- The problem:
The line that contains "Professional Plastic caulking" marks the start. Please set it down, with every later line of the data, exactly and without pictures.

- Dataset section:
———
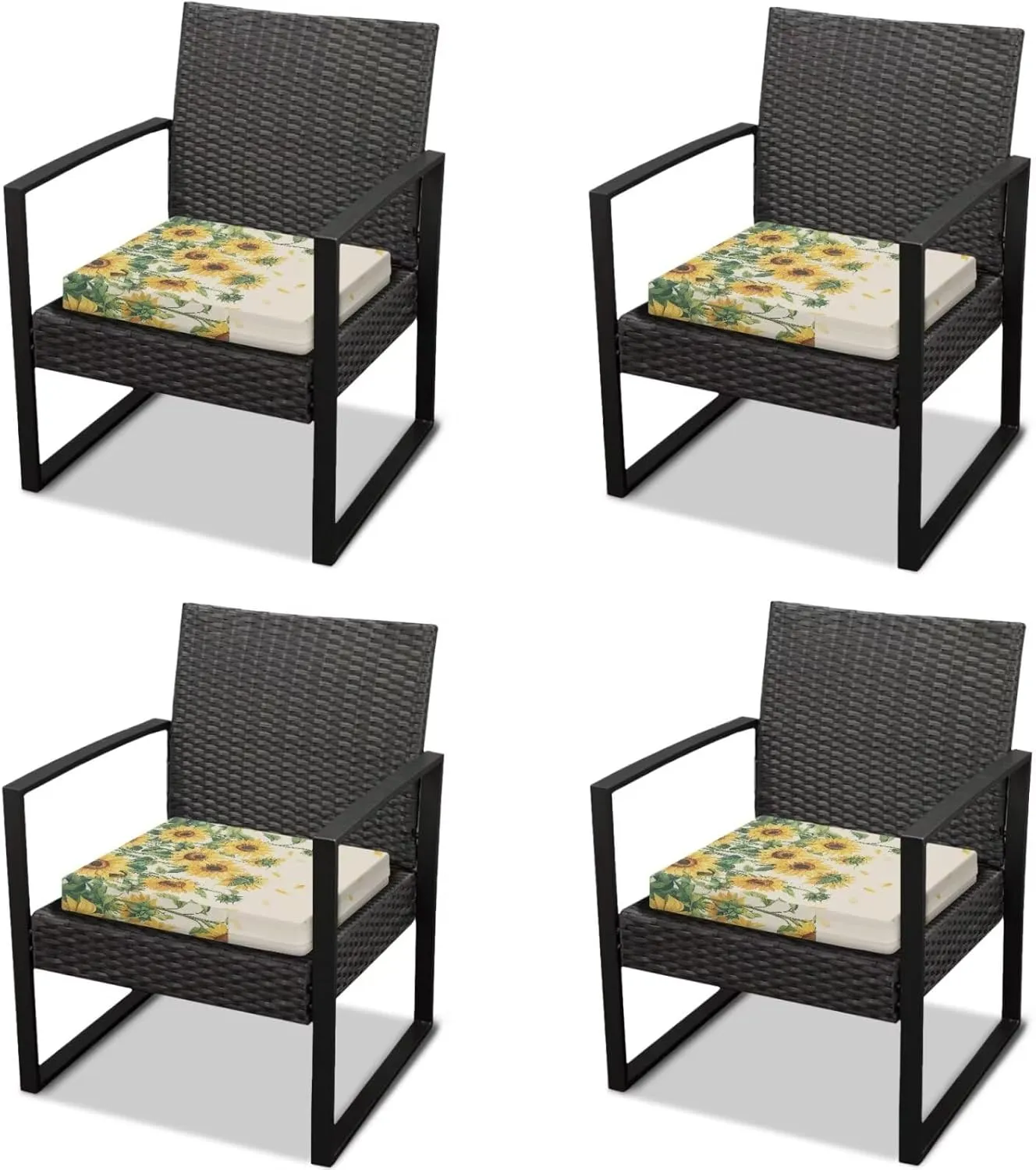 GLENLCWE Sofa Cushion Cover Outdoor Cushion Slipcovers Field Sunflower Replacement Patio Furniture Couch Slipcover Protectors, Chair Seat Cover, 4 Pcs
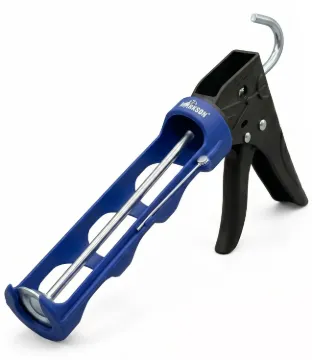 Professional Plastic caulking gun, Dripless swivel body, ratchet rod, spout cutter, unblock pin
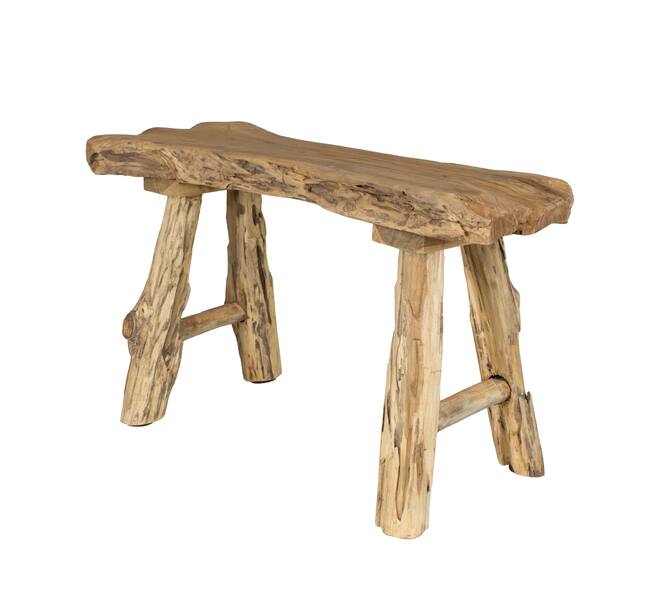 Bench teak wood 80x35x48cm KD - Natural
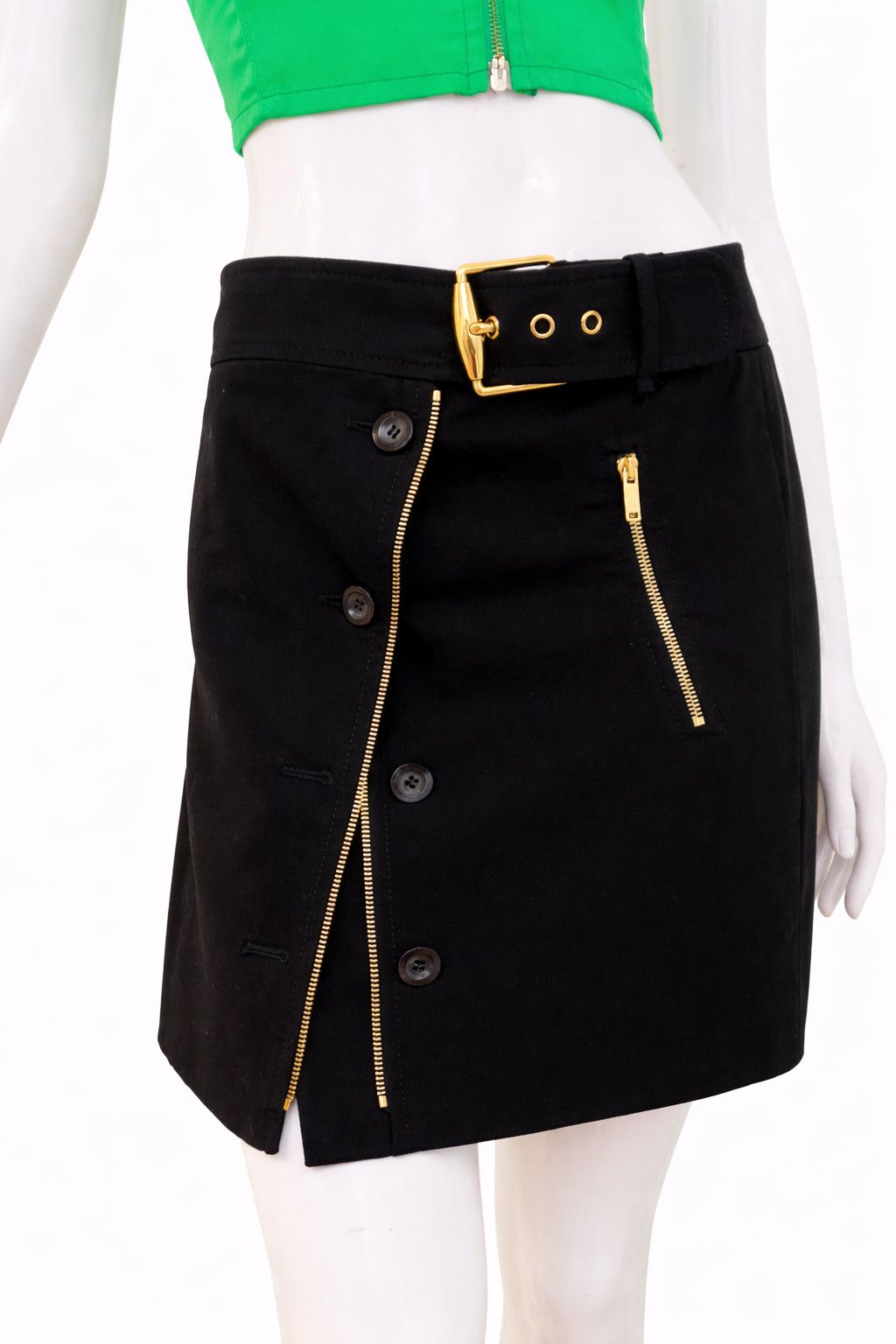 Gucci Gucci Black Mini Skirt Gold Hardware Zippers Belt Skirt Size 32" / US 10 / IT 46 - 3 Thumbnail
———
- Reply:
 Professional Plastic caulking gun, Dripless swivel body, ratchet rod, spout cutter, unblock pin
 Bench teak wood 80x35x48cm KD - Natural
 Gucci Gucci Black Mini Skirt Gold Hardware Zippers Belt Skirt Size 32" / US 10 / IT 46 - 3 Thumbnail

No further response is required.